On Saturday, April 6th, around 7:49 AM UTC NS2 (name server 2) stopped responding to queries. At 10:32 AM UTC, NS3 stopped responding to queries as well. During the outage NS1 and NS4 picked up the additional traffic. This abnormal load caused a portion of ALIAS resolutions to fail – directly affecting DNSimple customers.
We received notification that there were issues resolving queries immediately after the first resolver began failing, however the person on-call did not understand how severe the issue was and thus the issue was not escalated. As this was during the middle of the night in North America the next engineer to observe the problem wasn't online until several hours later.

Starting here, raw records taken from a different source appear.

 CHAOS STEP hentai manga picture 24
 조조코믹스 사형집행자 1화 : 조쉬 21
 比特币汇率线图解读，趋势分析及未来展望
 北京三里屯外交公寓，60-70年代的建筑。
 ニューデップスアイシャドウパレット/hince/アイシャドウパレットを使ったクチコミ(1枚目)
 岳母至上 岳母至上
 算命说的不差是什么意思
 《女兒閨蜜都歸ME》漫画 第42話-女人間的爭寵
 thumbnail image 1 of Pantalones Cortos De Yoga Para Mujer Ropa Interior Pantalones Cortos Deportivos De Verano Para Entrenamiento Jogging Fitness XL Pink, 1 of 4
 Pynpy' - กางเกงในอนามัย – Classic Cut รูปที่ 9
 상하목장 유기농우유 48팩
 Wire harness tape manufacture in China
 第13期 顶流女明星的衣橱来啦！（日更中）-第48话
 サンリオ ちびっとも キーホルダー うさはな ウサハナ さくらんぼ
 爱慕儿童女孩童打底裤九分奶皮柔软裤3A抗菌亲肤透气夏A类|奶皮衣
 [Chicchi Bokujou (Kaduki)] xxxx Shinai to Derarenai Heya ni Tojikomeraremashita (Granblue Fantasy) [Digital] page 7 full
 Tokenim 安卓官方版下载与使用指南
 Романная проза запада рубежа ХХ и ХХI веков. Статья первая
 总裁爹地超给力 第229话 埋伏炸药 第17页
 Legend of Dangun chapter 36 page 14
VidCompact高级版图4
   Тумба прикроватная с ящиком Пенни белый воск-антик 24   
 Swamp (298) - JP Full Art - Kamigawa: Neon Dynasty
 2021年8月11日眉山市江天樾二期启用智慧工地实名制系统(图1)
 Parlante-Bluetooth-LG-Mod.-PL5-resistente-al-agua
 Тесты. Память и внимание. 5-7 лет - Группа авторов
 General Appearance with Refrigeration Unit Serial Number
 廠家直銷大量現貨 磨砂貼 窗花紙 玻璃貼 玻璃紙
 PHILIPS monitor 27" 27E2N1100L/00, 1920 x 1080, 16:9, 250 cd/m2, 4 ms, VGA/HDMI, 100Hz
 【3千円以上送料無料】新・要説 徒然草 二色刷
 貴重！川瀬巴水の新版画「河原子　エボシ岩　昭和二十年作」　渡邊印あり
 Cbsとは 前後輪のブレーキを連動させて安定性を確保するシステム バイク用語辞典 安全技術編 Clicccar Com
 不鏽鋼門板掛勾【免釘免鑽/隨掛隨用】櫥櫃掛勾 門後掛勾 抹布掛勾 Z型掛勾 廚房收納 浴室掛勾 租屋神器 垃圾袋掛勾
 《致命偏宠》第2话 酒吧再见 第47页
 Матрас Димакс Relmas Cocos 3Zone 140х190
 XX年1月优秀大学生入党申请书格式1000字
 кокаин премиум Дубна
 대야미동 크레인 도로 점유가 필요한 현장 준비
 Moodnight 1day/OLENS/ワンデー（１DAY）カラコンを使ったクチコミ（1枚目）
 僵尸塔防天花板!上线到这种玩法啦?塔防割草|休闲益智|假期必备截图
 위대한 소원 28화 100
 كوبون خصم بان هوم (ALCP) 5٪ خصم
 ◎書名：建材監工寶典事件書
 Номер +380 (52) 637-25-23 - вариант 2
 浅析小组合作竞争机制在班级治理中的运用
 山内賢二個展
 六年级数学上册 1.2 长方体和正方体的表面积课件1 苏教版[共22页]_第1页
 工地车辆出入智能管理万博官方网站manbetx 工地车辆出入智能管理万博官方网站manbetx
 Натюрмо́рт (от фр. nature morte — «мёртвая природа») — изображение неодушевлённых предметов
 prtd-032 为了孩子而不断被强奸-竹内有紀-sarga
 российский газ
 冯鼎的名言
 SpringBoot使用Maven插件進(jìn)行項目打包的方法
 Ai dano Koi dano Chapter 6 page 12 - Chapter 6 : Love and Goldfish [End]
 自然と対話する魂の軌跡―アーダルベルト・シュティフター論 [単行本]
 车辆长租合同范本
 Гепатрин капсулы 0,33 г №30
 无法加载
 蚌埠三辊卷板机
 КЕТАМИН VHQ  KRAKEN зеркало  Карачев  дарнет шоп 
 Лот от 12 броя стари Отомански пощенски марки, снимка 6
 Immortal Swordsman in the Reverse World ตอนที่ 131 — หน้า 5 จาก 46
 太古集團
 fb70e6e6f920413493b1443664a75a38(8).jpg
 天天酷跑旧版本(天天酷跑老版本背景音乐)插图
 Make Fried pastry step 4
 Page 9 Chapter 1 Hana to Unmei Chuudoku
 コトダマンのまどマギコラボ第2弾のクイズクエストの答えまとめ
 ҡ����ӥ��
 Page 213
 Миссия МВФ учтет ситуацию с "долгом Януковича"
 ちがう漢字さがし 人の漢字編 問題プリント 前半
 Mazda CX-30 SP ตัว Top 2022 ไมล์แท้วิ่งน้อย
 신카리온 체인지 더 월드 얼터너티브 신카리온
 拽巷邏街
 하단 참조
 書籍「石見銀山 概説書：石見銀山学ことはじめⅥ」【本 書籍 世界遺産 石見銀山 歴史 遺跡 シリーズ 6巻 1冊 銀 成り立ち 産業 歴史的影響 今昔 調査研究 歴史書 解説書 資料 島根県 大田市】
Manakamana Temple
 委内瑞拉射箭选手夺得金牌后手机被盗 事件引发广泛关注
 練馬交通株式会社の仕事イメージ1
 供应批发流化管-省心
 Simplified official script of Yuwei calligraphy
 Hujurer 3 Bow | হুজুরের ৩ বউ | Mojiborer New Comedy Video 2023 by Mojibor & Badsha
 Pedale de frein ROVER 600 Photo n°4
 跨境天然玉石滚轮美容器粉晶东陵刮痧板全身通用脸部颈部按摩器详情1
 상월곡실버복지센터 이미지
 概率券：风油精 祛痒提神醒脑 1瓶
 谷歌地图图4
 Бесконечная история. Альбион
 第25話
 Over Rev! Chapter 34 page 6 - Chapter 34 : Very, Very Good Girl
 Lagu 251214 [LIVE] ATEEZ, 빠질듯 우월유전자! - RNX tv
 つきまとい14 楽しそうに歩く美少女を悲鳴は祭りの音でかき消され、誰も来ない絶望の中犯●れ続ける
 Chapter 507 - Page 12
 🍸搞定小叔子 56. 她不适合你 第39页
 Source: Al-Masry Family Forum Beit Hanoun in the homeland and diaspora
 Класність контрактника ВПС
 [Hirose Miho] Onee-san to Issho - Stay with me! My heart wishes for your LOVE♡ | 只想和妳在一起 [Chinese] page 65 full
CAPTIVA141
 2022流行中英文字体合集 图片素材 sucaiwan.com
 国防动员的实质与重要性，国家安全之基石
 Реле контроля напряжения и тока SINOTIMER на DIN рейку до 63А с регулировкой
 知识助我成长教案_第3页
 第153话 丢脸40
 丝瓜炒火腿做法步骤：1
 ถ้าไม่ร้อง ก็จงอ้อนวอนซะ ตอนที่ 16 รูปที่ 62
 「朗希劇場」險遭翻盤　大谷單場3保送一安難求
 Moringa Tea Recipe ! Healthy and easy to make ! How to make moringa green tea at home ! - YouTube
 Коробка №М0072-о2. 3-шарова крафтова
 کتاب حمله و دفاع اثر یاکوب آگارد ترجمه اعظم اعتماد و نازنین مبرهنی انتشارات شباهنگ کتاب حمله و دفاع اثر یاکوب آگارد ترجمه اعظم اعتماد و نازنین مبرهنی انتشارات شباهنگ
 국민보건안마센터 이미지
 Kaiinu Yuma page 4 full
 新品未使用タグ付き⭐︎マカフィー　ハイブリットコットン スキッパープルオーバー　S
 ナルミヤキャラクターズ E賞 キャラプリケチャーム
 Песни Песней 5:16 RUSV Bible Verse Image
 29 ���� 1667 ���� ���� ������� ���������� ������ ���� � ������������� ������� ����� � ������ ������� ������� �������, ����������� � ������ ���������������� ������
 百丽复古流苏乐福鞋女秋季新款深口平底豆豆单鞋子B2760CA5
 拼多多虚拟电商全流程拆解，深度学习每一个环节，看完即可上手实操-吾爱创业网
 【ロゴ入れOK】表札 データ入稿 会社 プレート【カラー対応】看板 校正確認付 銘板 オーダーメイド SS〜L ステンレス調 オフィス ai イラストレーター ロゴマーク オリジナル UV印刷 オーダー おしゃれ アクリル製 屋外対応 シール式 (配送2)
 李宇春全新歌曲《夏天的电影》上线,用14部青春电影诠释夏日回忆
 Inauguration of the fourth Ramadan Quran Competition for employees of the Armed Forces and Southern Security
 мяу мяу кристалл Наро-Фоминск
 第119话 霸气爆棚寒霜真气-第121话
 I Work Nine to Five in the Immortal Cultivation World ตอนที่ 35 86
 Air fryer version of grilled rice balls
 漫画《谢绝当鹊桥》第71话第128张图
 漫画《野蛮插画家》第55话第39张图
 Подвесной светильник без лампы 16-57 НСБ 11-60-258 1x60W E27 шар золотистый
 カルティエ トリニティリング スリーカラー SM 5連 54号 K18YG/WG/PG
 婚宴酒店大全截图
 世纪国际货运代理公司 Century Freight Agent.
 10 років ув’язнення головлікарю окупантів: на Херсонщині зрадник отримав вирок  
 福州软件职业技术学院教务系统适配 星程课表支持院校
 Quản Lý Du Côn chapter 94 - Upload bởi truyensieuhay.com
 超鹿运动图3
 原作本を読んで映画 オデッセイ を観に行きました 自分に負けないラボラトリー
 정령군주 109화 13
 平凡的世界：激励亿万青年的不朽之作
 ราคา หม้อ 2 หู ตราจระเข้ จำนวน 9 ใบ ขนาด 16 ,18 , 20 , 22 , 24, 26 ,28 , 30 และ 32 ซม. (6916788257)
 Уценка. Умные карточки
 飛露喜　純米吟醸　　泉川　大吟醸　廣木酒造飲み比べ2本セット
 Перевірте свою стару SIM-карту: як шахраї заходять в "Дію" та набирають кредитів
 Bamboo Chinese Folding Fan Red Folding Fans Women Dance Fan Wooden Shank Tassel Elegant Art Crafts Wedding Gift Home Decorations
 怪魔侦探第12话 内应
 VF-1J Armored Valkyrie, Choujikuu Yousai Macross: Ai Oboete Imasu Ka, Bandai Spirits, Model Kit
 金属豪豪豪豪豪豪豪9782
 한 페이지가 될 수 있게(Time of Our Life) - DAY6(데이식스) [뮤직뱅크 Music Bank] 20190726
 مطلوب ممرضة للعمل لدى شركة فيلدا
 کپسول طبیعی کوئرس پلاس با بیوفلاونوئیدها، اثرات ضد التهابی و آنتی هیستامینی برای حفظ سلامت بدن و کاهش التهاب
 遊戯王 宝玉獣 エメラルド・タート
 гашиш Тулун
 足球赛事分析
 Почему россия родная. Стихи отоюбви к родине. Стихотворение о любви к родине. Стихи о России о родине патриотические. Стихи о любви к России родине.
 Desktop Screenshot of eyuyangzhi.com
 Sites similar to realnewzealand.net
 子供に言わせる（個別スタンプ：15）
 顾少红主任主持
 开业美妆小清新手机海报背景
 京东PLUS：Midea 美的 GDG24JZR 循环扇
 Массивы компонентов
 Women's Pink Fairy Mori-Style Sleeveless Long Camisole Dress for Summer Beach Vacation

While complex systems fail in interesting ways it generally takes the form of several interdependent pieces failing simultaneously. This is not unexpected. What is expected is that, as a team, we have the responsibility, knowledge, and practice to respond quickly and recover in a calm and determined fashion. Unfortunately this incident demonstrated our team wasn't communicating around alerts effectively. I apologize for failing to focus on this most important aspect.
Why did it happen?
- NS3 moved to our new physical infrastructure recently in response to a hosting provider's network change. These hosts have many CPU cores.
- NS2 moved to a host with more CPU cores as a side effect of a system upgrade.
- We have an open issue with our ALIAS resolution software where, at a relatively low frequency, it blocks indefinitely.
- We use a monitoring program (monit) to detect this condition is nearing and restart that part of the software preemptively. While less than ideal it will suffice until we permanently solve this issue.
- The monitoring software detects this condition as a function of CPU utilization.
When we ran our software on hosts with many cores it no longer detected the case we were targeting. I noticed this and made an incorrect assumption about how monit behaved. I made a change to the command logic that I hoped would improve the situation. Unfortunately it silently failed to take any action instead.
When NS2 blocked it added pressure to the remaining hosts. When NS3 blocked pressure increased again. NS1 and NS4 continued to respond normally to most queries, but the additional processing requirements of ALIAS records resulted in a portion of those query type being dropped.
How did we respond and recover?
Once Anthony came online and discovered the issue he began looking into its source. He discovered processes on both NS2 and NS3 using 100% of the CPU which was blocking the name server from responding to further requests. He restarted processes on NS2 and NS3 which allowed the name servers to begin resolving queries again. Once NS2 and NS3 were back online there were no additional failures reported for NS1 and NS4.
How can we prevent similar unexpected issues from occurring again?
I eventually realized monit calculates CPU as a multiple of the number of cores. We now automatically configure monit based on the number of cores for a given host. I also recalled the particulars of how monit executes a command and corrected the incomplete logic appropriately. I have a high degree of confidence in the current monit configuration and behavior appears to have stabilized.
As a team we have clarified our on-call escalation policy:
- If an alert is raised - always respond until it is resolved.
- If an alert doesn't have a solution linked directly and the fix is not immediately apparent - escalate the issue to a larger team. Make sure the solution is linked after the fact.
Finally, we are actively working on delivering re-architected DNS software that is markedly more resilient. That project is approaching production quality and we hope to write more about it in the near future.